For Maxwell, Compute and Graphics can't be active at the same time under DX12, currently, it is theorized that this is due to the fact that there is only a single function unit (Command Processor) rather than having access to ACEs as well. Copy commands, however, can run concurrently to Graphics and Compute commands due to the inclusion of more than one DMA engine in Maxwell. We see this when looking at how Fable Legends executes the various queues. What nvidia would need, in order to execute graphics and compute commands asynchronously, is to add support for additional barrier wait times for their Hyper-Q implementation. Why? This would expose the additional execution unit under Hyper-Q. The Hyper-Q interface used for CUDAs concurrent executions supports Asynchronous compute as we see in DX11 + Physx titles (Batman Arkham series for example). Hyper-Q is, however, not compatible with the DX12 API as of the time of writting this (for reasons mentioned above). If it was compatible, there would be a hardware limit of 31 asynchronous compute queues and 1 Graphics queue (as Anandtech reported).

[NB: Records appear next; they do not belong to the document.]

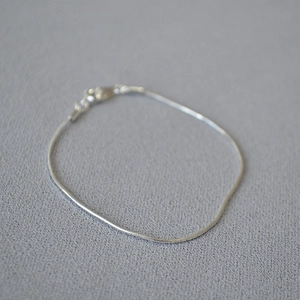Detail of minimalist silver snake bone chain bracelet with secure lobster clasp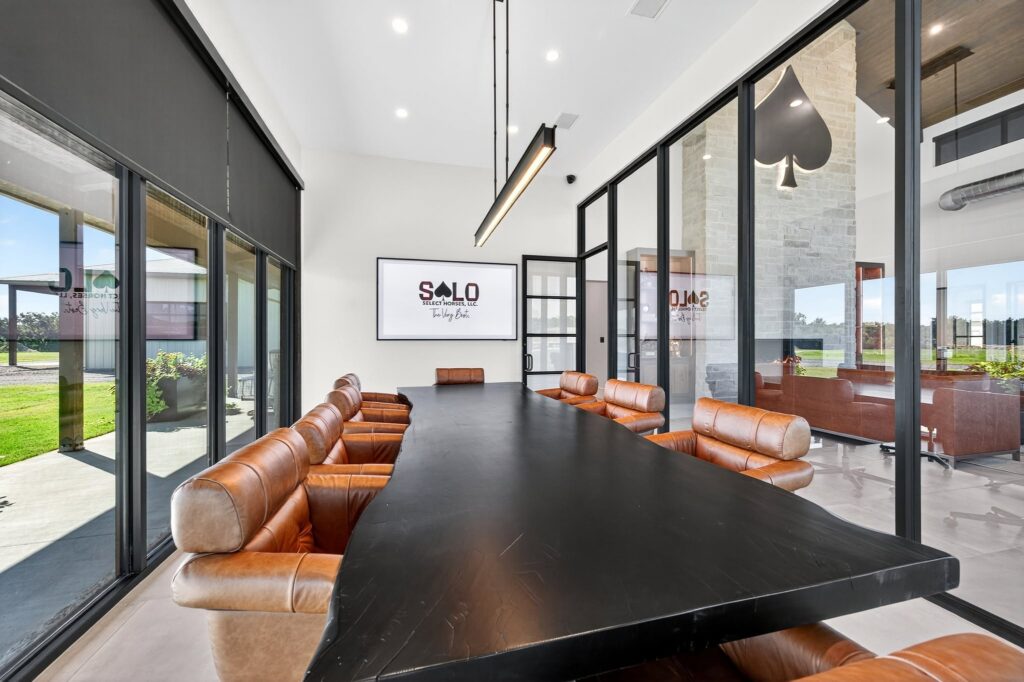 Modern equestrian facility interior with "SOLO" signage, featuring a black conference table surrounded by cognac leather seating and floor-to-ceiling windows overlooking pastures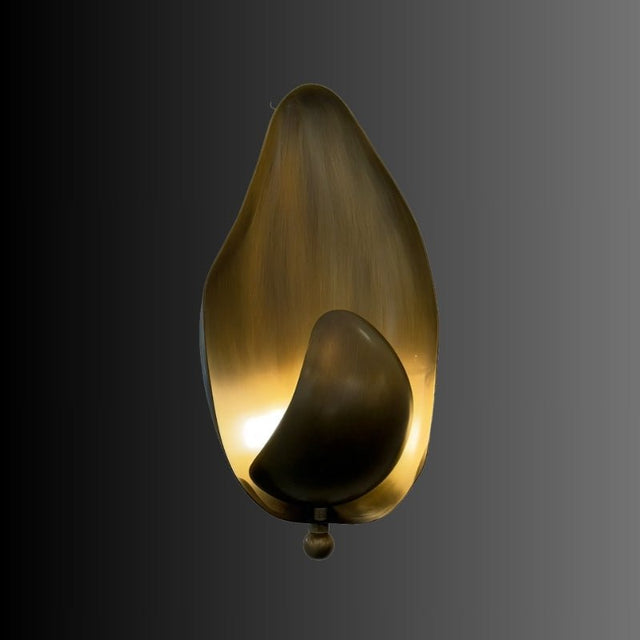 "Lit copper wall lamp with a leaf-inspired design casting a warm glow, isolated on a dark background."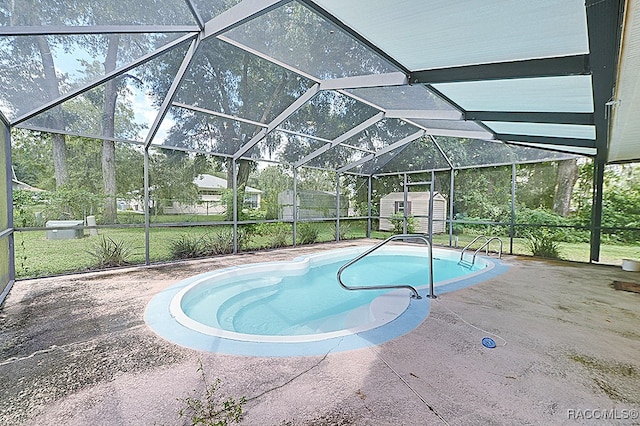 view of swimming pool with a patio, a storage unit, and a lanai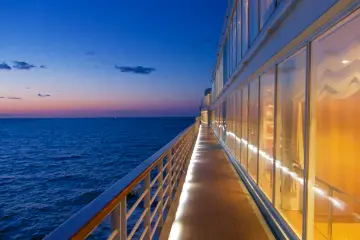 <p>Strolling the deck on a picturesque evening</p>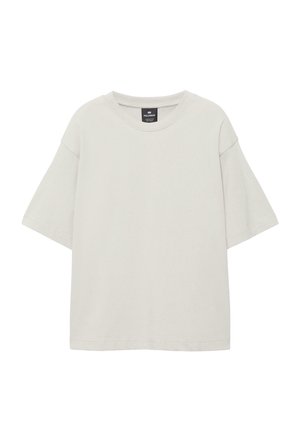 Lyse beige, oversized T-shirt med korte ærmer og rund halsudskæring samt synligt mærke indeni kraven på en hvid baggrund.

So all that to say that if you fence often, you can get nvidia hardware to run the Asynchronous + Graphics code synchronously. You also have to make sure you use large batches of short running shaders, long running shaders would complicate scheduling on nvidia hardware and introduce latency. Oxide, because they were using AMD supplied code, ran into this problem in Ashes of the Singularity (according to posts over at overclock.net).
Since AMD are working with IO for the Hitman DX12 path, then you can be sure that the DX12 path will be AMD optimized. That means less fencing and longer running shaders.
For Hitman, Nvidia basically have to work with IO as well, in order to add a vendor ID specific DX12 path (like we saw Oxide do). It's probably not worth it seeing as nvidia have little to gain from DX12 over DX11. AMD, however, will likely suffer from a CPU bottle neck under Hitman DX11 (as they do under Rise of the Tomb Raider DX11). AMD have a lot to gain from working with developers on coding and optimizing a DX12 path.
So to summarize,
Nvidia do not support Async compute + Graphics under DX12 at this time or perhaps ever. Hitman's DX12 path may run like crap on nvidia hardware unless nvidia convince IO Interactive to code a vendor ID specific path and supply IO with optimized short running shaders. Basically, same thing that nvidia did with Oxide for Ashes of the Singularity (if memory serves me right). Since nvidia have little to gain from moving from DX11 to DX12, best for them to not waste time and money helping IO code a vendor ID specific path.
AMD will suffer performance issues due to a CPU bottleneck, brought on by the lack of support for DX11 multi-threaded command listing, when running the Hitman DX11 path. AMD has everything to gain in assisting IO Interactive in the implementation of a DX12 path. Asynchronous compute is just an added bonus on top of the removal of the CPU bottle neck which plagues AMD GCN under DX11 titles.